## Task directions
Report every line in the records below that holds the word "crisis".

## Material supplied
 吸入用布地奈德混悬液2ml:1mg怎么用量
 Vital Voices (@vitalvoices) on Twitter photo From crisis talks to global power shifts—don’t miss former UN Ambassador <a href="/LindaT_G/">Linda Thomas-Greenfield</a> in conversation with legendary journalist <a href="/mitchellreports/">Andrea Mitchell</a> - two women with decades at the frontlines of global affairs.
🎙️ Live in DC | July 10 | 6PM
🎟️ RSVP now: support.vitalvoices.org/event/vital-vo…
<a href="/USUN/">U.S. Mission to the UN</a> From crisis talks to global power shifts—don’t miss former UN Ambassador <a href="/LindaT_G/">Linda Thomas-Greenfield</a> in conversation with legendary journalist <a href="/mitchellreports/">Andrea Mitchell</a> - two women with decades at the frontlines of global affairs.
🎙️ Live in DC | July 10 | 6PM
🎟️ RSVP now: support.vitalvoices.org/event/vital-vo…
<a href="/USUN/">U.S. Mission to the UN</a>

--

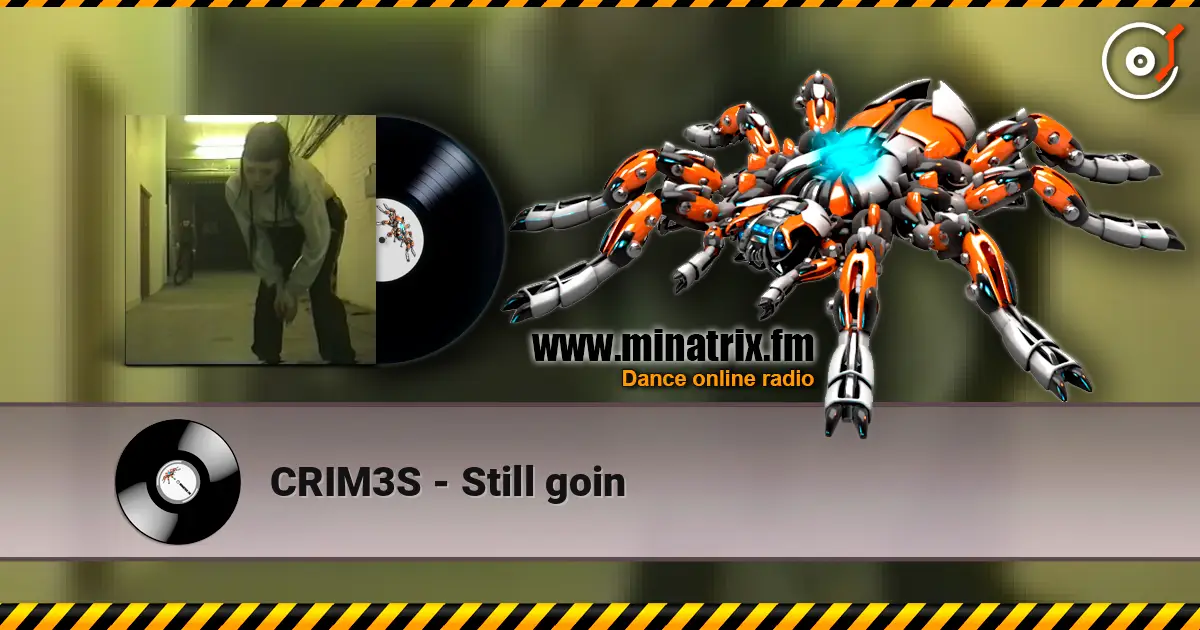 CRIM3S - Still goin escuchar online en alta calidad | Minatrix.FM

...

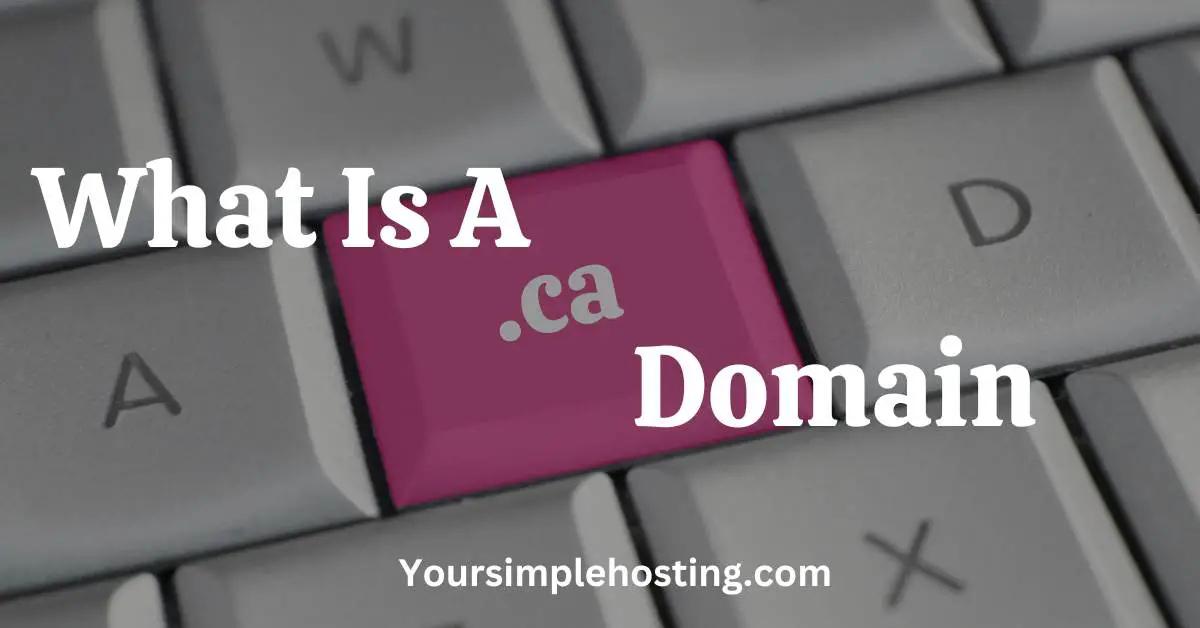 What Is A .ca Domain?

## Expected answer
 Vital Voices (@vitalvoices) on Twitter photo From crisis talks to global power shifts—don’t miss former UN Ambassador <a href="/LindaT_G/">Linda Thomas-Greenfield</a> in conversation with legendary journalist <a href="/mitchellreports/">Andrea Mitchell</a> - two women with decades at the frontlines of global affairs.
<a href="/USUN/">U.S. Mission to the UN</a> From crisis talks to global power shifts—don’t miss former UN Ambassador <a href="/LindaT_G/">Linda Thomas-Greenfield</a> in conversation with legendary journalist <a href="/mitchellreports/">Andrea Mitchell</a> - two women with decades at the frontlines of global affairs.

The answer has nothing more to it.